Beaches, the Big Buddha and backpackers: once upon a time, these were the calling cards of Koh Samui, Thailand's second largest island. As of mid-December, travellers have a new, deeply compelling reason to brave the crowds on the tourist destination: Long Dtai, the latest restaurant opening from Australian-born, best tattoo-free chef nominee and Thai food authority, David Thompson.
Translating to "heading south", the restaurant's name is both a geographical reference for Bangkok-based Thompson (Koh Samui is an hour south by air from the Thai capital) as well as a statement of intent.
"Southern Thai cooking is rich with coconut, coloured with turmeric and redolent with shrimp paste and a slap of chilli," says Thompson. "We'll be doing seafood mainly plus a smattering of local chicken, pork and vegetable dishes."
The restaurant quietly launched on 14 December with a tight eight-dish opening menu zeroing in on quality rather than quantity.
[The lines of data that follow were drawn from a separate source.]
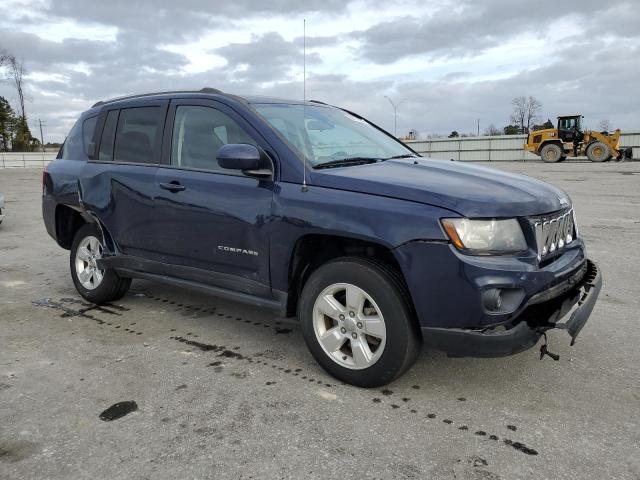 Photo 3 VIN: 1C4NJCEAXED587605 - JEEP COMPASS 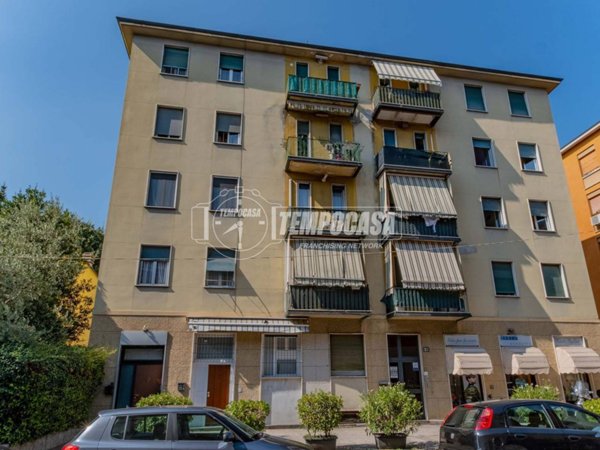 appartamento in vendita a Milano in zona Bruzzano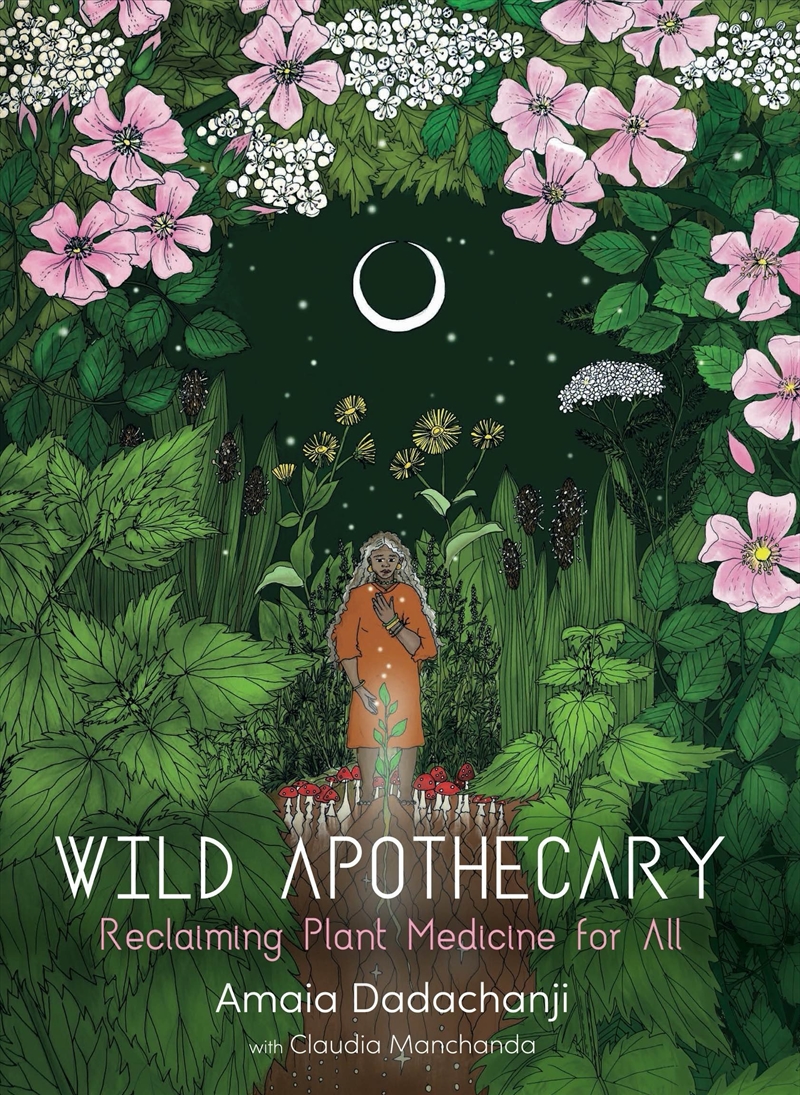 Wild Apothecary/Product Detail/Family & Health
There are a couple of meaty options – the minced pork and green peppercorn curry, say, but seafood is the focus. Think skewers of grilled mussels, betel leaf-wrapped miang parcels cradling gapi (shrimp paste), and a rich, fragrant curry of coconut and turmeric with mashed prawns, a dish already in rotation at Thompson's Long Chim restaurant in Perth.
Running the kitchen is Yingyod "Ommo" Raktham, a long-time Thompson collaborator who's relocating to Koh Samui after overseeing the now-shuttered Long Chim in Singapore's Marina Bay Sands. Just as Long Chim remains faithful to the streets of Bangkok, Thompson and Raktham want Long Dtai to be in the spirit of its breezy island home.
"It's casual, easy-going food where you're not confronted by too much choice," says Thompson. "Southern Thailand has such a rich culinary tradition and I will do my utmost to present the best of it."
Long Dtai is the showcase diner of Cape Fahn, a five-star hillside resort located on two private islands off Choeng Mon Beach in the island's north-east. Private pools come standard with each of the resort's 22 sala-inspired villas while green-thinking is a recurring theme (Long Dtai pledges to only serve line-caught fish). Plastic straws and bottles are banned on the island, recycled water is used on the garden, and the on-site spa uses organic products in its treatments - all of which are very good reasons to book the next flight out to Koh Samui.